Sunday, February 28, 2016

Clinton, Sanders and the Democratic Party

I just discovered this, but did you know that there is another nomination contest going on right now, and Trump isn't in it?  Weird.

For all of the attention I have been paying to the Republican contest right now, one might think that the Democratic contest was over long ago.  And that's because it was.  Hillary had this thing locked up long ago, and Sanders never stood a chance.  Her victory in South Carolina yesterday just clarified it to members of the press and commentariat who have professional incentives to pretend that there is a story worth writing.

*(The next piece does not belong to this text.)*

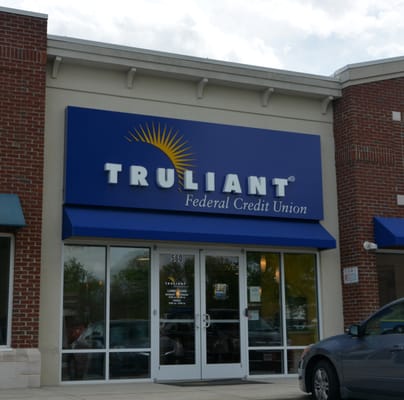 Truliant Federal Credit Union Harrisburg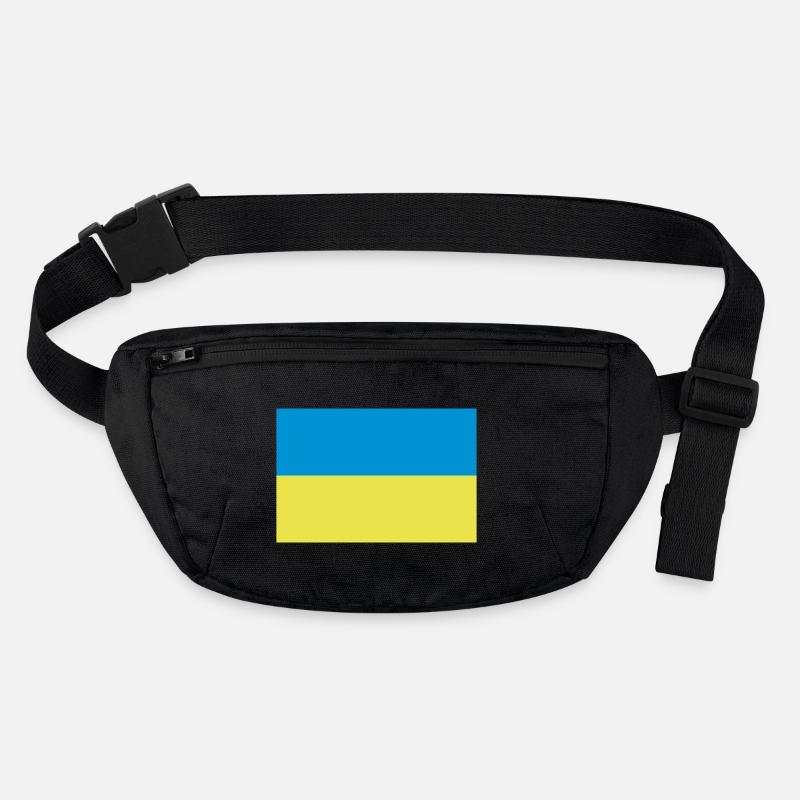 Stanley/Stella recycled Hip Bag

So, there's this book I've been bashing:  The Party Decides.  Basically, it says that party muckety-mucks control the nomination process by endorsing their chosen candidate, and signaling the proper party choice to the voters.  Party Decides apparatchiks might even think that I am being too hard on that blessed book, because the Democratic contest looks very much like party elites rallied around Hillary by giving her an overwhelming lead in endorsements, and got their way, just as prophesied.  And in fact, it is worth taking some historical perspective.

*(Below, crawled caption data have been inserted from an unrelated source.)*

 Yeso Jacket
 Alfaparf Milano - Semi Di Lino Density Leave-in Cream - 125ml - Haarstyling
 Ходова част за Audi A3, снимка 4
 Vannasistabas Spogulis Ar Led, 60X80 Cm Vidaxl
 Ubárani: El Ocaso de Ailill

In 2000, Republican muckety-mucks decided that a relative of a former president, who won two state-wide elections in safe party territory, was their choice.  They rallied around him, endorsed him, etc.  However, not everyone in the party was quite ready to get on that train.  An aging Senator who presented himself as a "maverick," even if he didn't go so far as to identify as an "Independent," challenged the muckety-mucks' anointed one.  He built a platform on campaign finance reform, won New Hampshire, and got crushed in South Carolina, leaving the anointed one the last candidate standing.  Sound familiar?  And wasn't this one of the motivating cases for The Party Decides?

Yup, but this time, the Democratic muckety-mucks had an even lower hurdle to overcome.  It is worth comparing Hillary's position going into this race to Dubya's from 2000.  She doesn't just have a familiar name-- she has been a central figure in the Democratic Party since 1992.  She ran a nearly-successful presidential campaign in 2008, and while many Hillary-supporters resented Obama's victory (remember the PUMAs?), the resentment didn't run as much the other direction.  Obama made her Secretary of State, keeping her in the national spotlight for several more years, during much of which she was a figure of bipartisan popularity.  And, of course, the Clintons have historically had strong connections to the African-American community, which is a critical demographic among Democratic Party primary voters.

Compare that to Sanders, who isn't even a Democrat.  He has been elected to the House and Senate by Vermont as an "Independent," but merely caucuses with the Democrats.  He self-identifies as a "socialist," and runs a campaign on the issue that overwhelming majorities of voters always consider the absolute least-important-- campaign finance reform.

Now, show me a model that predicts Sanders as the winner.  I'm waiting...

What?  You can't?  That's because such a model doesn't exist.  Take away all of Hillary's endorsements, have the muckety-mucks stay completely neutral, and I'll still predict Hillary crushing Sanders.

So, is Hillary's victory what The Party Decides would have predicted?  Yup.  But, it is also what we would predict with a neutral party establishment.  You don't get points for predicting that the sun will rise in the east tomorrow using a ground-breaking new model.  You get points for predicting something that other models don't predict.

Yes, Hillary crushed Sanders.  Yes, that's what The Party Decides would predict.  But, it is what any model would predict.  Enough of this Party Decides nonsense.